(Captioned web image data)
##########
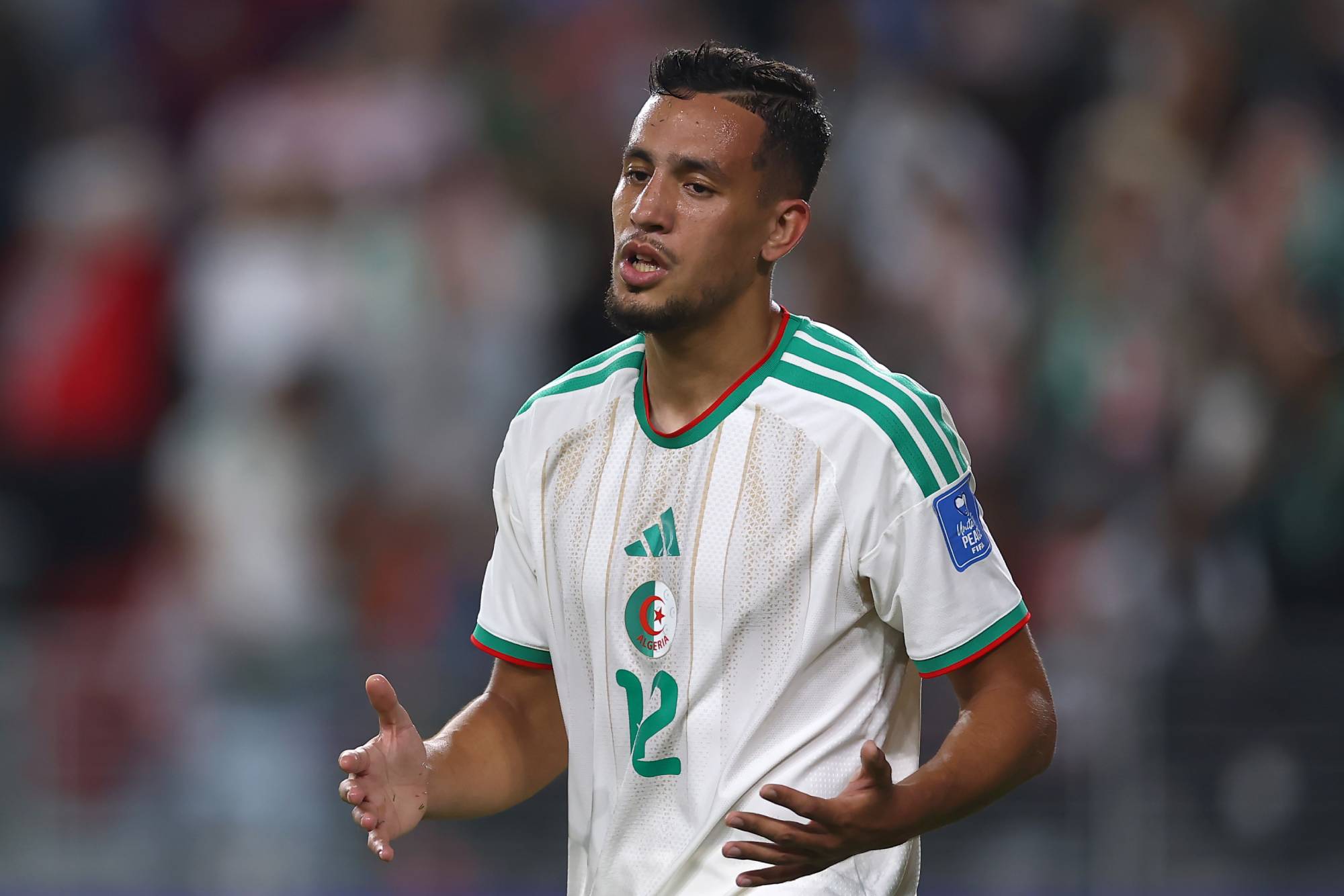 SANTA CLARA, CALIFORNIA - JUNE 22: Nadhir Benbouali #12 of Algeria reacts after the 2-1 win during the FIFA World Cup 2026 Group J match between Jordan and Algeria at San Francisco Bay Area Stadium on June 22, 2026 in Santa Clara, California. (Photo by Dean Mouhtaropoulos - FIFA/FIFA via Getty Images)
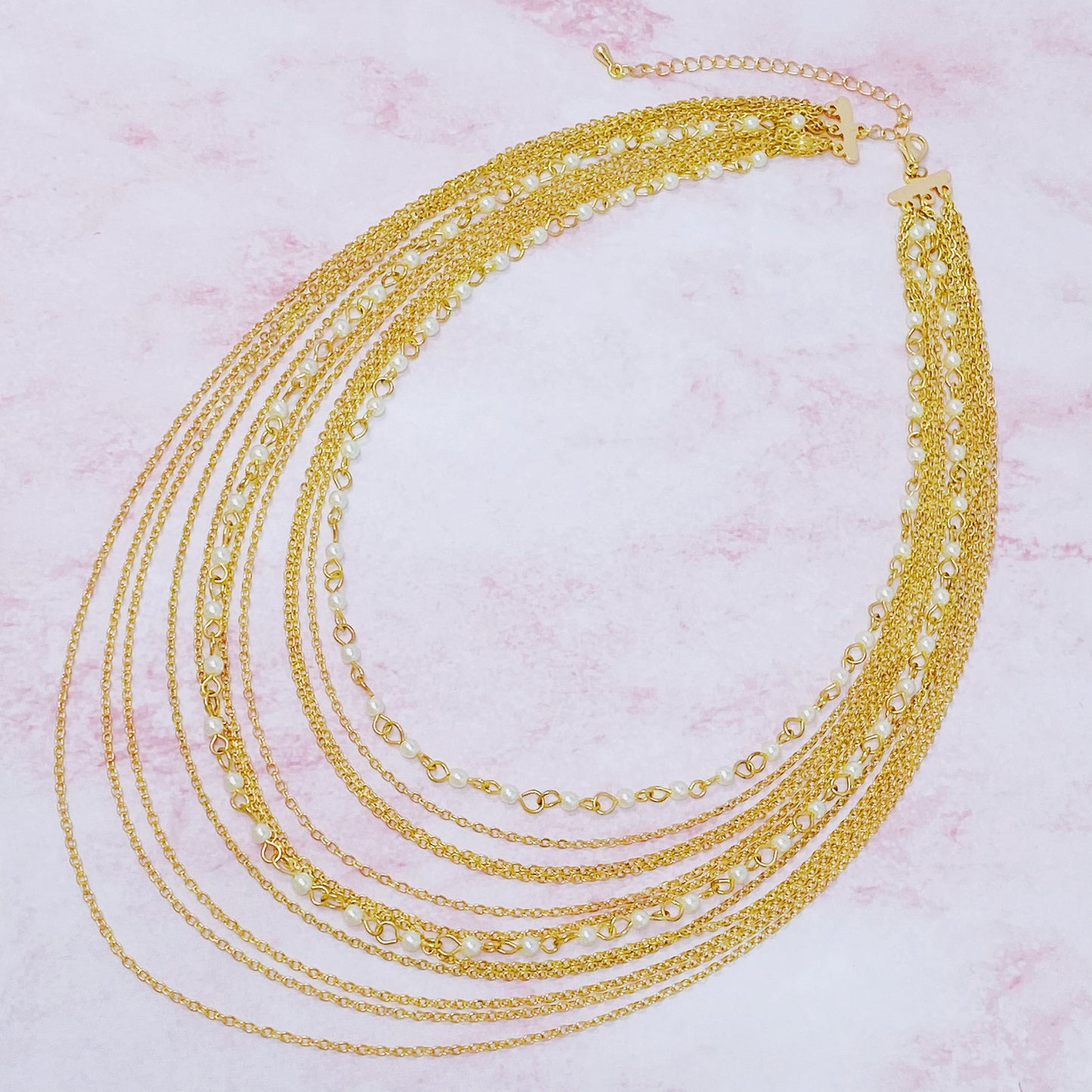 The Beautifully Draping Pearl and Chain Necklace by Ellison + Young is elegantly displayed on a white surface, showcasing its intricate chain designs.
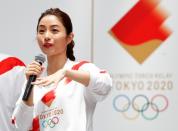 Tokyo 2020 Torch Relay Official Ambassador and actress Satomi Ishihara presents the Olympic torchbearers' uniform in Tokyo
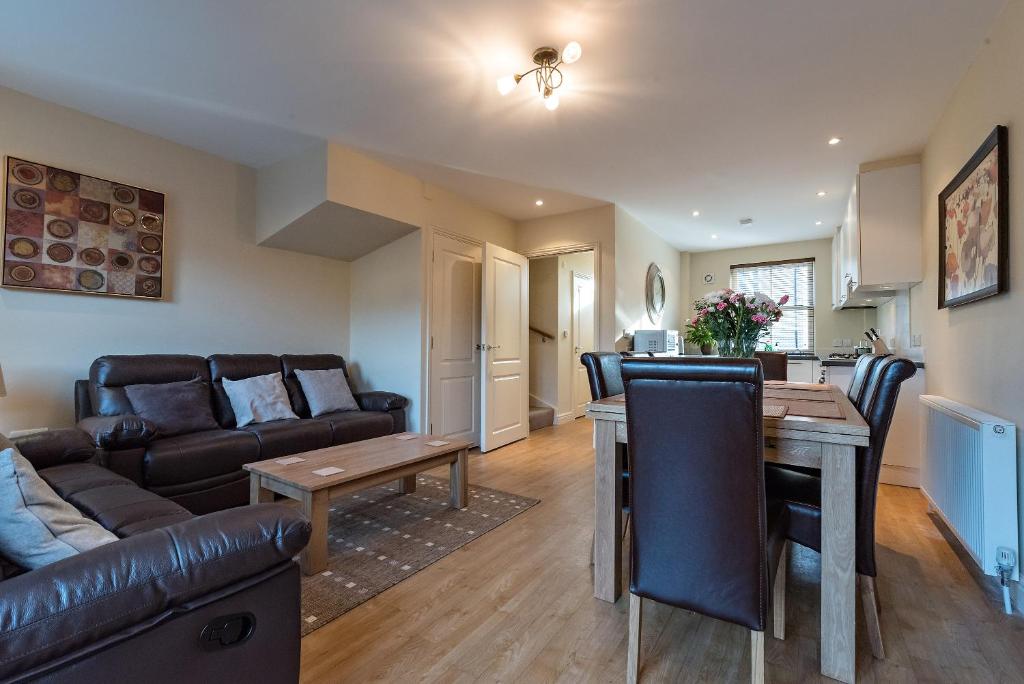 a living room with a couch and a table at Camstay New Street in Cambridge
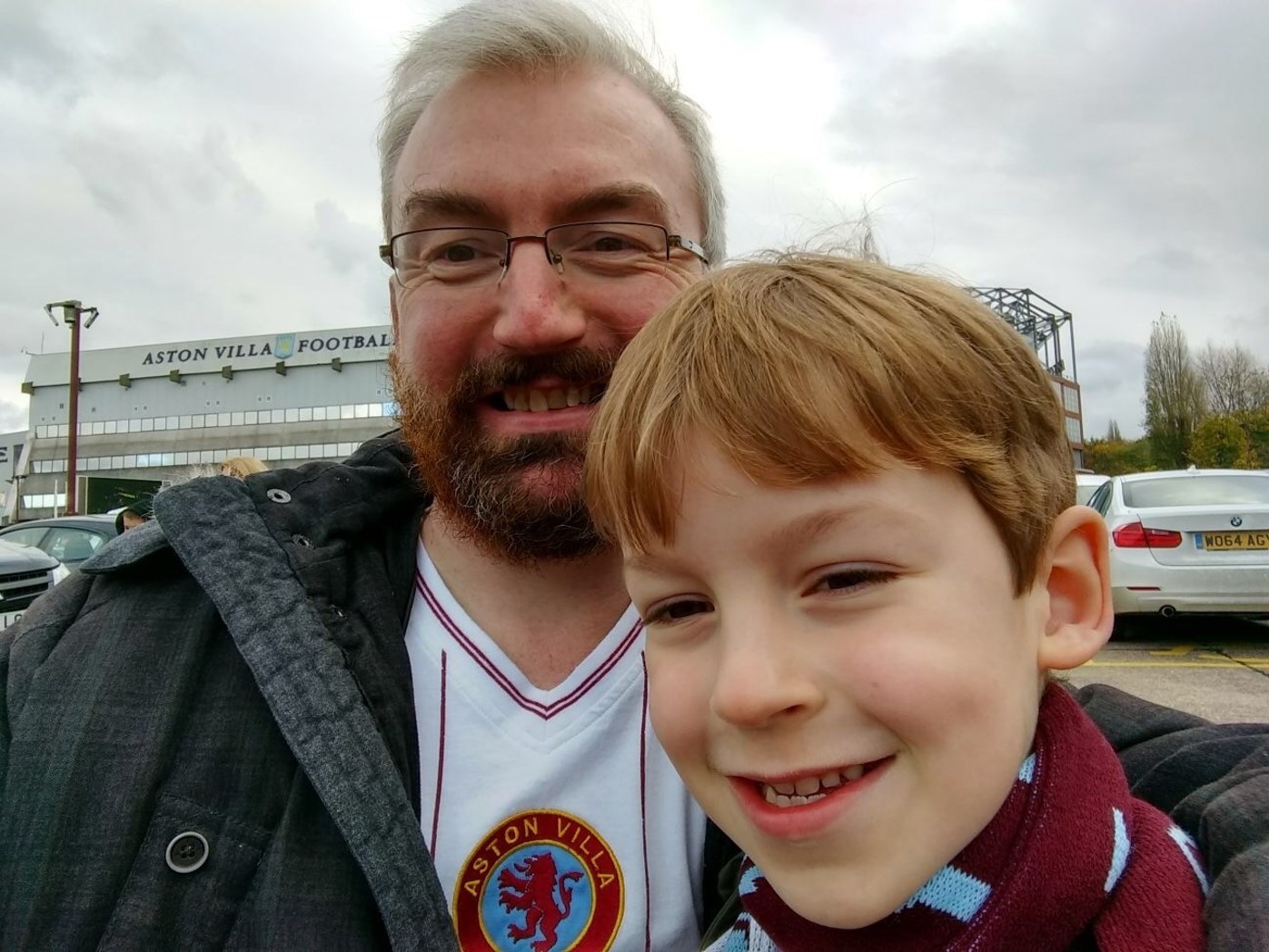 Peter and his son wearing Aston Villa football shirts, in front of the Aston Villa football stadium.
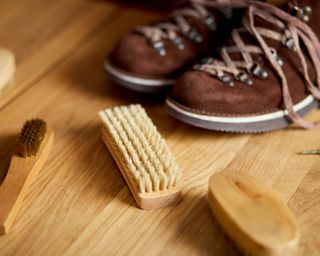 A pair of brown suede shoes with a brown bristle suede brush on a wooden surface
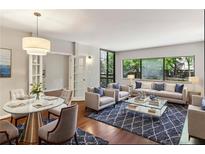 Open living room boasts large windows, hardwood floors, and modern furnishings at 1130 Piedmont Ne Ave # 410, Atlanta, GA 30309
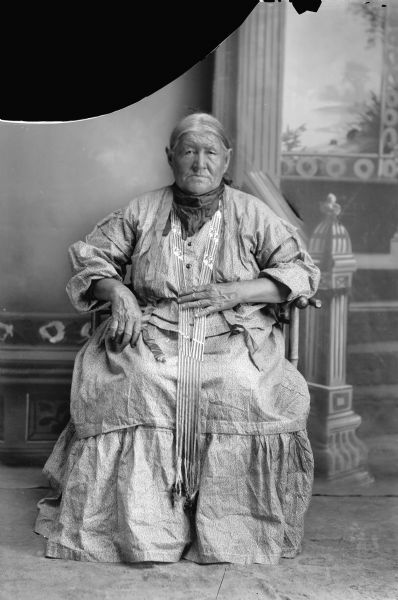 Full-length studio portrait of an elderly Ho-Chunk woman sitting and wearing long bead strands. In the background is a painted backdrop. Mary Snowball, Decorra, Buffalohead (PayDokSeKah [Edge of brow is yellow]), born 1863 and died November 20th, 1940. She was the wife of John Buffalo Head (ChayPayKay) and the mother of five children: Grace, John, Stella, Frank and Carrie. (Daughter of Snow Ball [WauSooMonEKah] and [WaConChaWinKah]) (Maternal granddaughter of Iron Walker and Green Feather Woman). 
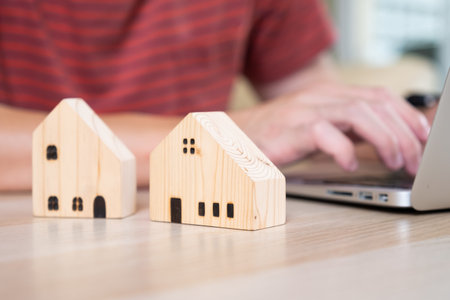 Selective focus at wooden house model with calculator and paper note on wood table. Saving plan and interest rate to buy property, house. Personal financial concept for own a house.の写真素材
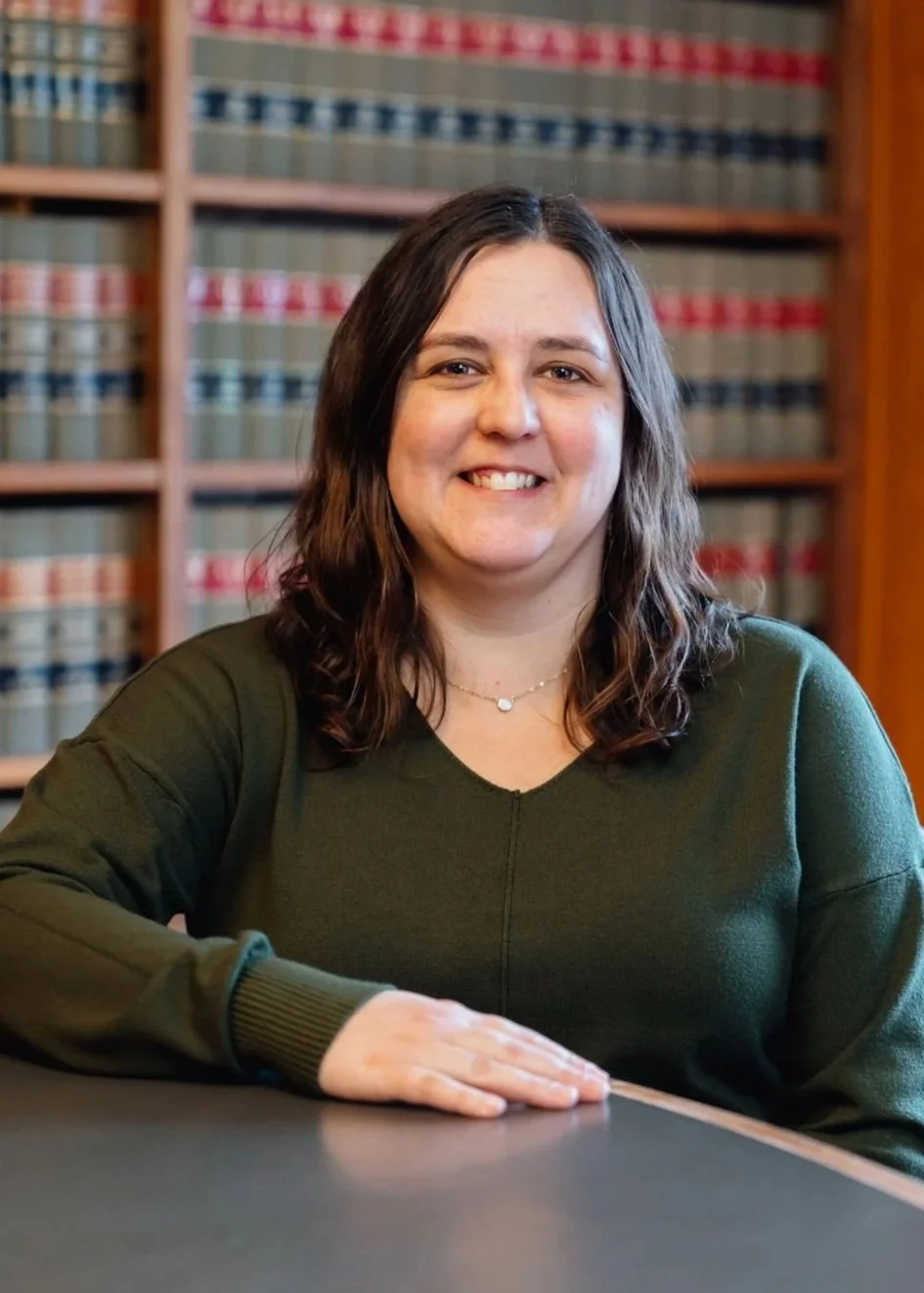 A woman with shoulder-length dark hair sitting at a table in a library, with bookshelves filled with law books in the background.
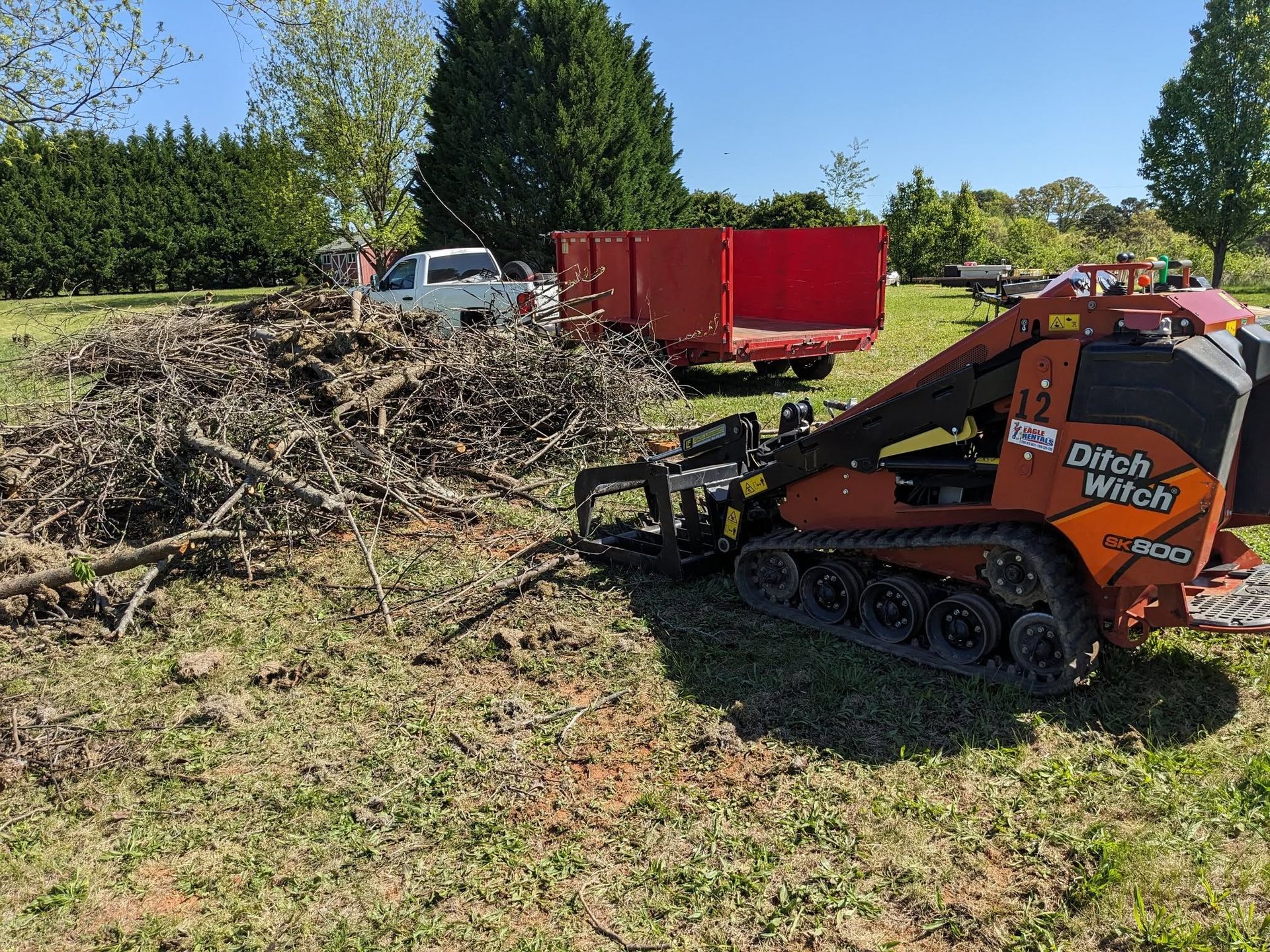 An orange Ditch Witch skid steer with a grapple attachment sits in a field next to a large brush pile and red dump trailer.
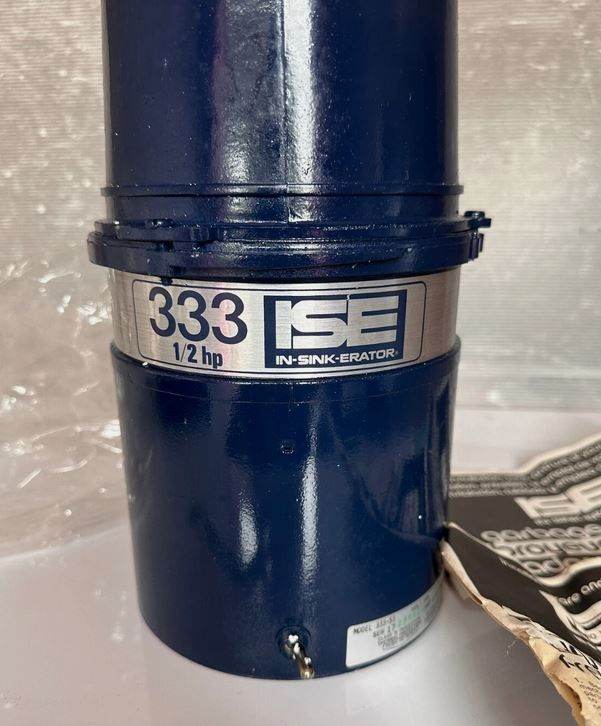 Insinkerator model 333 1/2HP new old stock in really tatty box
##########
> **Exercise**: Extract exactly the lines from the one containing "a living room" through the last line of the records above, both included, and leave out the pictures.

> **Answer to this task**:
 a living room with a couch and a table at Camstay New Street in Cambridge
 Peter and his son wearing Aston Villa football shirts, in front of the Aston Villa football stadium.
 A pair of brown suede shoes with a brown bristle suede brush on a wooden surface
 Open living room boasts large windows, hardwood floors, and modern furnishings at 1130 Piedmont Ne Ave # 410, Atlanta, GA 30309
 Full-length studio portrait of an elderly Ho-Chunk woman sitting and wearing long bead strands. In the background is a painted backdrop. Mary Snowball, Decorra, Buffalohead (PayDokSeKah [Edge of brow is yellow]), born 1863 and died November 20th, 1940. She was the wife of John Buffalo Head (ChayPayKay) and the mother of five children: Grace, John, Stella, Frank and Carrie. (Daughter of Snow Ball [WauSooMonEKah] and [WaConChaWinKah]) (Maternal granddaughter of Iron Walker and Green Feather Woman). 
 Selective focus at wooden house model with calculator and paper note on wood table. Saving plan and interest rate to buy property, house. Personal financial concept for own a house.の写真素材
 A woman with shoulder-length dark hair sitting at a table in a library, with bookshelves filled with law books in the background.
 An orange Ditch Witch skid steer with a grapple attachment sits in a field next to a large brush pile and red dump trailer.
 Insinkerator model 333 1/2HP new old stock in really tatty box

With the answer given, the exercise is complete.